Dataset content START

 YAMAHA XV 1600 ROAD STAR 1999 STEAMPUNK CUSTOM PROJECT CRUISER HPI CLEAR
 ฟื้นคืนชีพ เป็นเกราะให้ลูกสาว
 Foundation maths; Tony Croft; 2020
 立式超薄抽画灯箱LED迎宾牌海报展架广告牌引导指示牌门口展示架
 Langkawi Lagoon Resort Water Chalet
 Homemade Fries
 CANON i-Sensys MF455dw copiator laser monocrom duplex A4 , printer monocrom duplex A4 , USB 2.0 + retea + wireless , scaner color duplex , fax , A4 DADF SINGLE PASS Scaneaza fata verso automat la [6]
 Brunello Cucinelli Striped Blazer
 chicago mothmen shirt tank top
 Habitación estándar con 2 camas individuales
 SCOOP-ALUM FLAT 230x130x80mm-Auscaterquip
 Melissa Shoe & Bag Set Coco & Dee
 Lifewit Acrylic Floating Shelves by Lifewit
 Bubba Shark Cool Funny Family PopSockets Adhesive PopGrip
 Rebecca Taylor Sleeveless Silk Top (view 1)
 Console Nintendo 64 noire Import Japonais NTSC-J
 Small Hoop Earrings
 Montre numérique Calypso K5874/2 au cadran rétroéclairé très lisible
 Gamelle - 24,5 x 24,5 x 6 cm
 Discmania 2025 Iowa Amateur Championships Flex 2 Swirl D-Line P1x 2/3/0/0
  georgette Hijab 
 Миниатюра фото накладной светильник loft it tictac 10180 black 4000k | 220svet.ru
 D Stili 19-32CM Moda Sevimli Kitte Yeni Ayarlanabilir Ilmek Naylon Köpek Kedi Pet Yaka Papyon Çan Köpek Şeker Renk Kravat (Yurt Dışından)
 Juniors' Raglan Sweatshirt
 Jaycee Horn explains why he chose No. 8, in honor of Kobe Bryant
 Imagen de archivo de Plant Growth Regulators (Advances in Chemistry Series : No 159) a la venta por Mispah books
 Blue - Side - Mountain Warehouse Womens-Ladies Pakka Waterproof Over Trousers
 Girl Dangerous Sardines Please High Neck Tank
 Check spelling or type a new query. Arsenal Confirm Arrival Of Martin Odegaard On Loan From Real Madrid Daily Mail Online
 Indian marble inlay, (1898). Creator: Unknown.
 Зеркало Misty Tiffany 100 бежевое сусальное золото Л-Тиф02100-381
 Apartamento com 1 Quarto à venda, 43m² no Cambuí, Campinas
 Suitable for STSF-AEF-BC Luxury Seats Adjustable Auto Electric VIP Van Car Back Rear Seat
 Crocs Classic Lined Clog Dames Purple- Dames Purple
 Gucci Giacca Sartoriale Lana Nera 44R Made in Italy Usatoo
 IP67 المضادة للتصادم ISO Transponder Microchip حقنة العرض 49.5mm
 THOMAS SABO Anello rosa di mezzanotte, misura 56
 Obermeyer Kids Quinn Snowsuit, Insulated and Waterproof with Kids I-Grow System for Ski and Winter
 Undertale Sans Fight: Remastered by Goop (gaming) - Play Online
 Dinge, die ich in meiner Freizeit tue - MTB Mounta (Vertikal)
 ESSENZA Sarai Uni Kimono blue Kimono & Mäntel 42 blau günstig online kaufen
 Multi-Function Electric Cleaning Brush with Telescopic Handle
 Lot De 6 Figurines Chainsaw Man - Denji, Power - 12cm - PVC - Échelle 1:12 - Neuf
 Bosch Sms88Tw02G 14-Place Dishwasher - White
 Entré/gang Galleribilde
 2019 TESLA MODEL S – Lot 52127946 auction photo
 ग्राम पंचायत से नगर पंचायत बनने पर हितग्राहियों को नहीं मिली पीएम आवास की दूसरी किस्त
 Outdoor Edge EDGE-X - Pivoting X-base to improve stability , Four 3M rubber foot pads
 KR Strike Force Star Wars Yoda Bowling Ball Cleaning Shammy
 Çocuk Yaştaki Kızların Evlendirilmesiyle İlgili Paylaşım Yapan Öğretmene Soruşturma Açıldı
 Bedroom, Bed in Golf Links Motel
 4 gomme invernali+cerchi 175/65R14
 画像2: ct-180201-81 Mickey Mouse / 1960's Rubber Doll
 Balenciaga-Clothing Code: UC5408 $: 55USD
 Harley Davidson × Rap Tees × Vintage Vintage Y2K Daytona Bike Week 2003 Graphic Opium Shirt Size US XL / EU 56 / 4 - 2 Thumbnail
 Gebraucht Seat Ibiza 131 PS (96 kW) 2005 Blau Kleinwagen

Dataset content END

**Exercise directions:**
Look through the data above and return exactly the lines from the one that contains "Habitación estándar con 2 camas individuales" to the one that contains "Gamelle - 24,5 x 24,5 x 6 cm", inclusive, with nothing else.

**Result for this task:**
 Habitación estándar con 2 camas individuales
 SCOOP-ALUM FLAT 230x130x80mm-Auscaterquip
 Melissa Shoe & Bag Set Coco & Dee
 Lifewit Acrylic Floating Shelves by Lifewit
 Bubba Shark Cool Funny Family PopSockets Adhesive PopGrip
 Rebecca Taylor Sleeveless Silk Top (view 1)
 Console Nintendo 64 noire Import Japonais NTSC-J
 Small Hoop Earrings
 Montre numérique Calypso K5874/2 au cadran rétroéclairé très lisible
 Gamelle - 24,5 x 24,5 x 6 cm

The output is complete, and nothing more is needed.